A falta de concluir mi próxima novela (ya
queda menos), os voy a contar una de mis obsesiones cuando reescribo y en las
que más empeño pongo: recortar texto. En esta fase recorto párrafos, frases,
palabras. Hace unos meses, alguien me preguntaba cuántas palabras llevaba
escritas de mi segunda novela, El
mensajero sin nombre. Ochenta y cinco mil, dije entonces. Hoy apenas quedan setenta
y cuatro mil. Podría parecer, a primera vista, que llevo escrito menos libro;
pero muy al contrario: ahora está más avanzado que nunca, porque de este último
número no voy apenas a detenerme ya en “limpiar”.
No
escribo nunca texto que piense de antemano que va a ser eliminado.
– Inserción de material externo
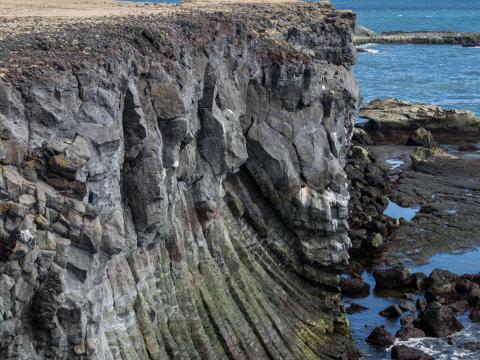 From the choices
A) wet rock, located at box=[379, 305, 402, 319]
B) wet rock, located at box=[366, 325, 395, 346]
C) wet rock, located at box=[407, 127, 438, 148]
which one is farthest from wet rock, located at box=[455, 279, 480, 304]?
wet rock, located at box=[407, 127, 438, 148]

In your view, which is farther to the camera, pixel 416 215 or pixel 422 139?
pixel 422 139

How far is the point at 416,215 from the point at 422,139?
59.8 ft

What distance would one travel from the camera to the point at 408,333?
121 ft

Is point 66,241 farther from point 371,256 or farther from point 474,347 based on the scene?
point 371,256

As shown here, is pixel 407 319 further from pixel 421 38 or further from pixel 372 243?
pixel 421 38

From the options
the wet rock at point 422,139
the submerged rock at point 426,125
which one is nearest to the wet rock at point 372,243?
the wet rock at point 422,139

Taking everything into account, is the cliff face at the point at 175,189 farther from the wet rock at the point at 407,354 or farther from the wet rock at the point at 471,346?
the wet rock at the point at 471,346

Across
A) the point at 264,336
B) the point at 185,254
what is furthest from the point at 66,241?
the point at 264,336

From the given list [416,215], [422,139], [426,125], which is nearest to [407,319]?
[416,215]

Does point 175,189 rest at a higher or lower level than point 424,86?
higher

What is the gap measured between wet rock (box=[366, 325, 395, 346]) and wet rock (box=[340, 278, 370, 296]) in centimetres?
516

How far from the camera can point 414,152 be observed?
217 feet

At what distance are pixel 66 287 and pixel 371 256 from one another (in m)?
29.8

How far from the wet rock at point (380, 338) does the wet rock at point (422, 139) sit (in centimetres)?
3533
Me parecería
perder tiempo desde el principio. Pero mucho de lo que escribo terminará en la papelera, aunque aún no lo
sepa.
En
total, de la presente he acortado ya cien páginas, como en su día borré
ciento cincuenta al manuscrito concluido de Donde
acaban los mapas. Y nunca me he arrepentido de ello. Duele quitar tanto
trabajo acumulado, pero la novela, y el lector, lo terminan agradeciendo.
Me
gusta la elipsis y la concisión. Creo que mi experiencia como guionista ha sido
fundamental en ello. También cuando grababa documental, y nunca acumulaba
innecesariamente planos que sabía de antemano que no iban a tener cabida. Esa
mentalidad es la que aplico cuando escribo, y la veréis en mayor medida en este segundo libro. Pienso entonces en no ralentizar la lectura y en cuidar las frases para
que intenten decir mucho en pocas palabras.
El
comienzo de El mensajero sin nombre
será muy distinto a como fue Donde acaban
los mapas. En ésta, el lento y anodino discurrir del día a día
era parte de la trama: la vida sin más, que en el fondo esconde cientos de
secretos. En mi nuevo texto, la acción y el misterio
comienzan desde la primera página.
Pero, eso
sí, mientras escribo los capítulos que faltan, sigo recortando y recortando,
sin dejarme engatusar por lo superfluo.